WORK INSTRUCTION —
Once you reach the line containing "Right Hand Professional", return it and every line after it exactly, through the end of the records below, with no pictures.

++++++++++++++++++++

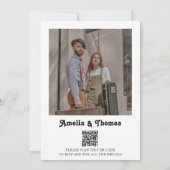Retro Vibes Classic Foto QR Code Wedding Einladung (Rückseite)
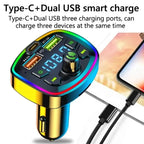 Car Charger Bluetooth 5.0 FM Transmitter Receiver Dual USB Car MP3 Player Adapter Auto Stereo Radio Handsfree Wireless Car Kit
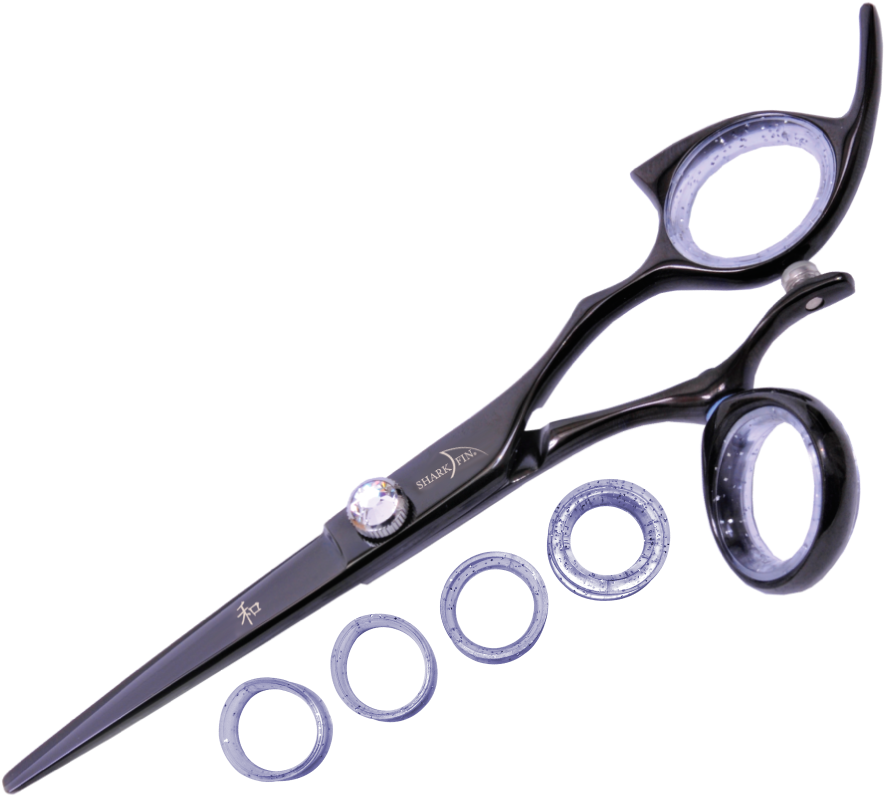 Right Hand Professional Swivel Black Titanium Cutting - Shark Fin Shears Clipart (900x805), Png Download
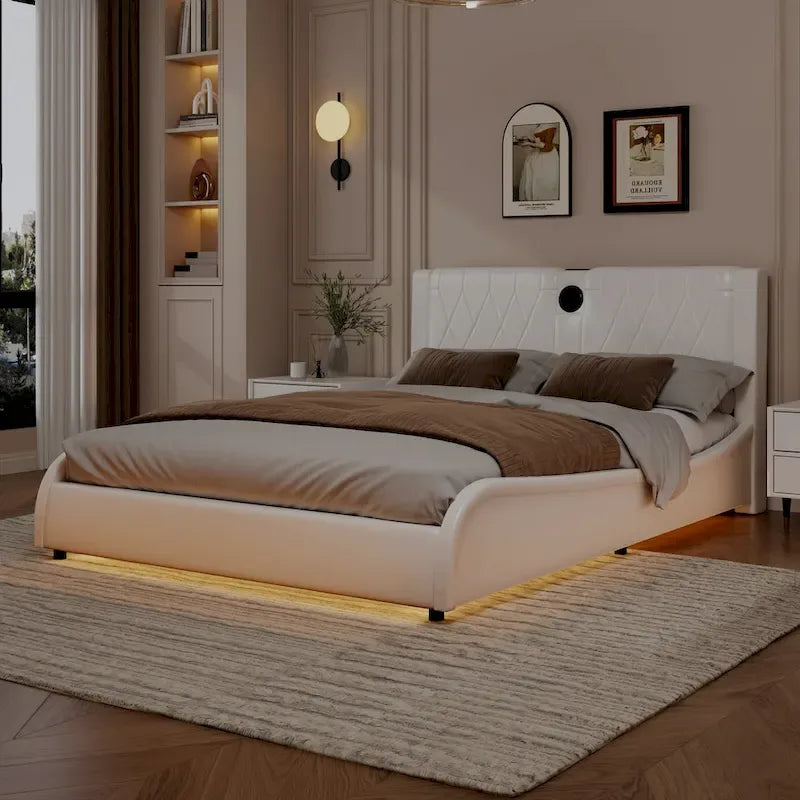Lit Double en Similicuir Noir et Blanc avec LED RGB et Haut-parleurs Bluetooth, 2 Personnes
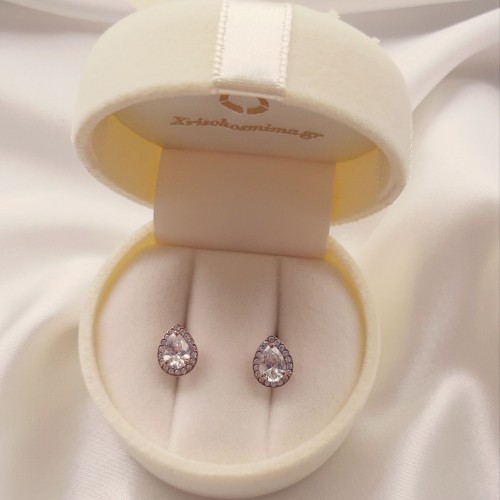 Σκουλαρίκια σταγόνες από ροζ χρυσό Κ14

++++++++++++++++++++

WRITTEN RESPONSE —
 Right Hand Professional Swivel Black Titanium Cutting - Shark Fin Shears Clipart (900x805), Png Download
Lit Double en Similicuir Noir et Blanc avec LED RGB et Haut-parleurs Bluetooth, 2 Personnes
 Σκουλαρίκια σταγόνες από ροζ χρυσό Κ14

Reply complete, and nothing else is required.